[Data entries]

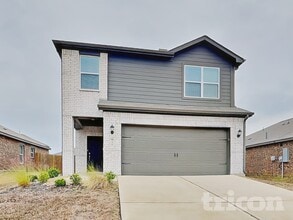 Building Photo - 921 Mallorie Ln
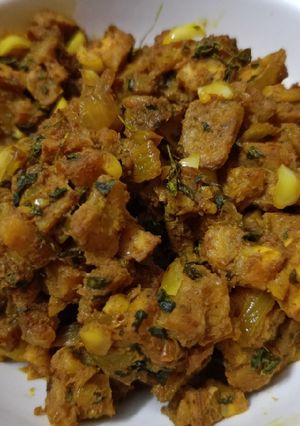 A picture of Kacche kele ki bhujiya.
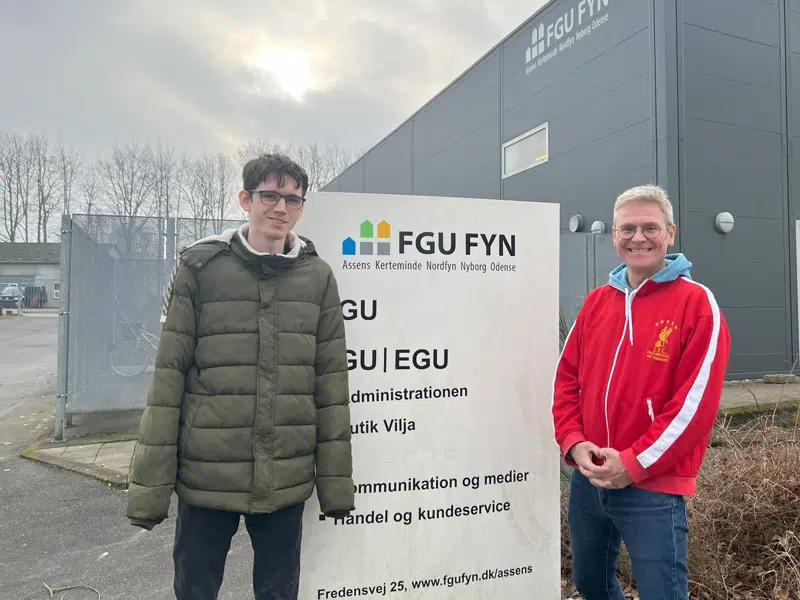 Michael Boÿe Hvorslev (th) har en smed, en kontoradministrativ og to køkkenmedhjælpere ansat under fleksjobbetingelserne på FGU Fyn, Assens. ”De er ligestillede og ligeværdige med andre i personalegruppen”, fortæller han – her sammen med køkkenmedhjælper Kasper Tornehave Jensen (tv).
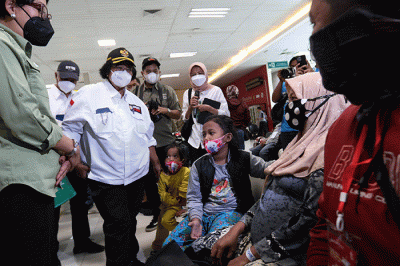 Menteri Lingkungan Hidup dan Kehutanan Siti Nurbaya menyapa anak-anak di Terminal Penumpang Pelabuhan Tanjung Priok, Jakarta, Selasa (26/4/2022).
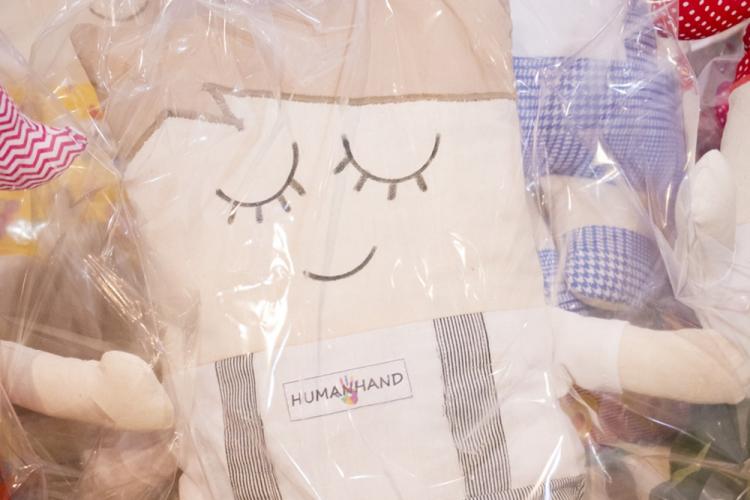 Human Hand Children Campanha Dia das Crianças ONCOAMIGO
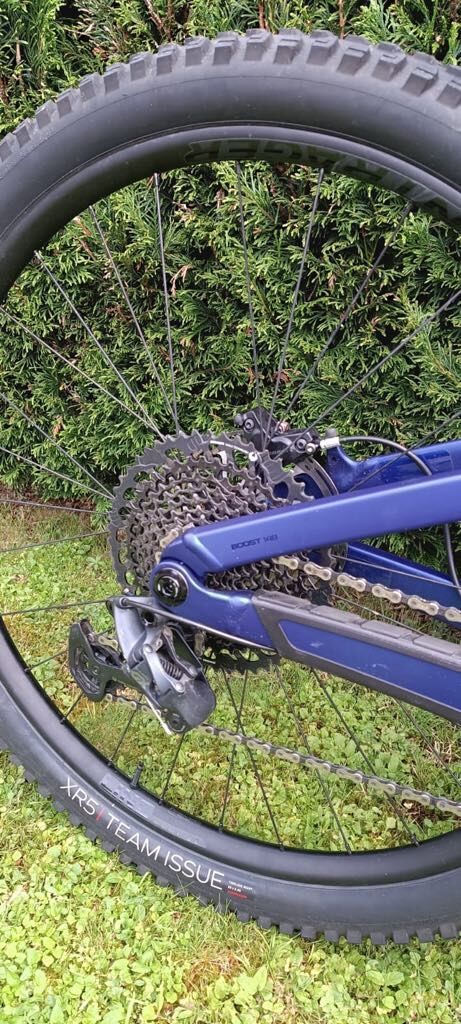 TREK Slash 8 vel.M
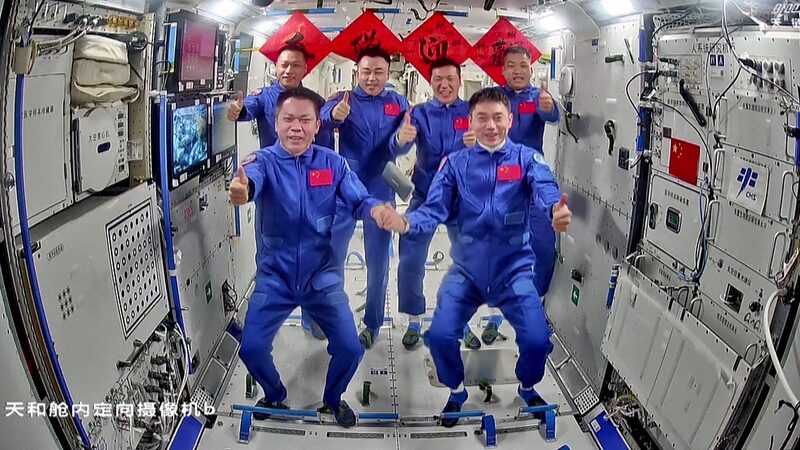 Shenzhou_18_Astronauts_Join_Shenzhou_17_Crew_in_Space_Station___ - News for amigos, by amigos Shenzhou_18_Astronauts_Join_Shenzhou_17_Crew_in_Space_Station___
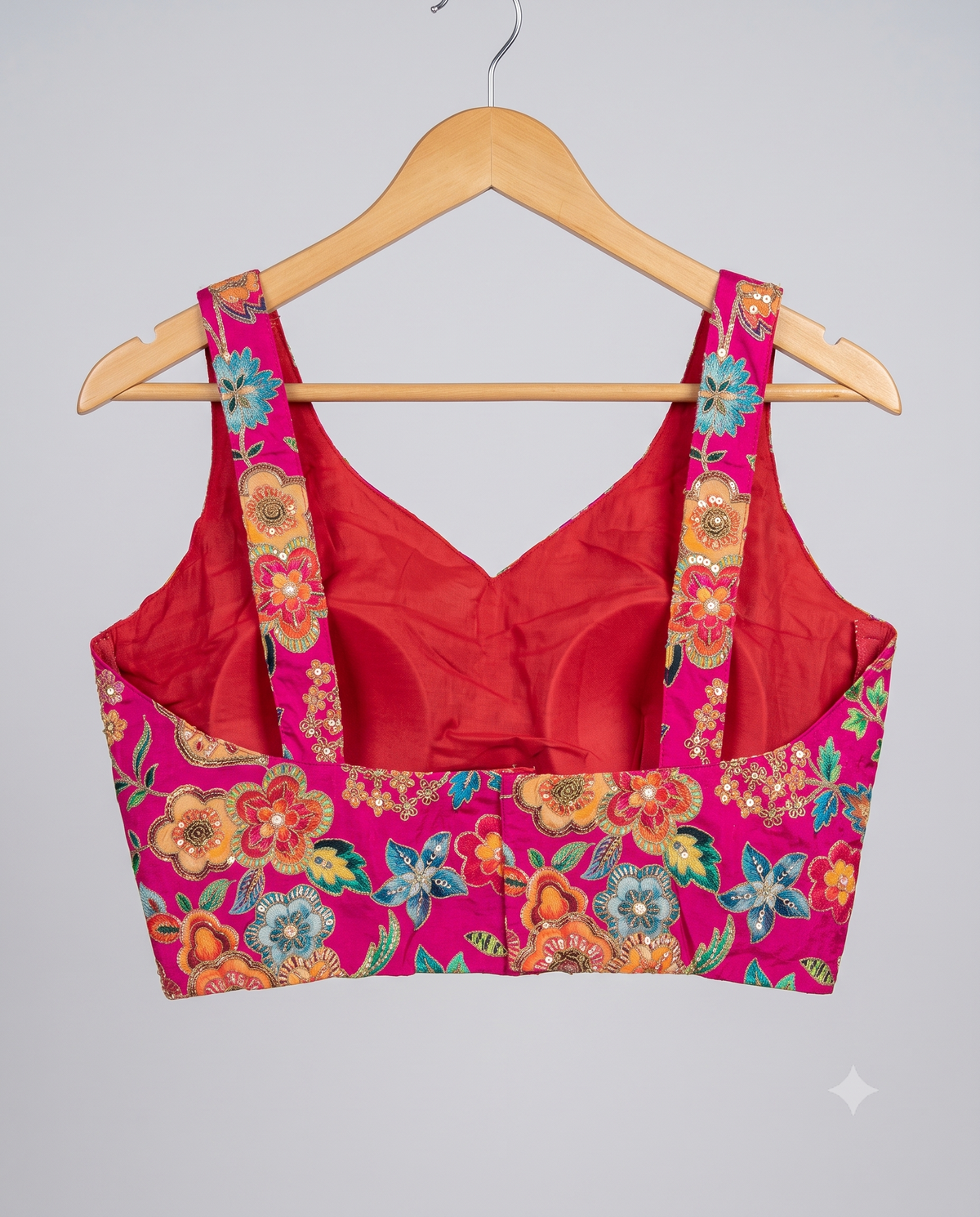 Fancy Position Print Sleeveless Ready to Wear Blouse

What you should do: Write out, word for word, the lines running from the one containing "Human Hand Children" to the end of the data above; the pictures are to be left out.

Result:
 Human Hand Children Campanha Dia das Crianças ONCOAMIGO
 TREK Slash 8 vel.M
 Shenzhou_18_Astronauts_Join_Shenzhou_17_Crew_in_Space_Station___ - News for amigos, by amigos Shenzhou_18_Astronauts_Join_Shenzhou_17_Crew_in_Space_Station___
 Fancy Position Print Sleeveless Ready to Wear Blouse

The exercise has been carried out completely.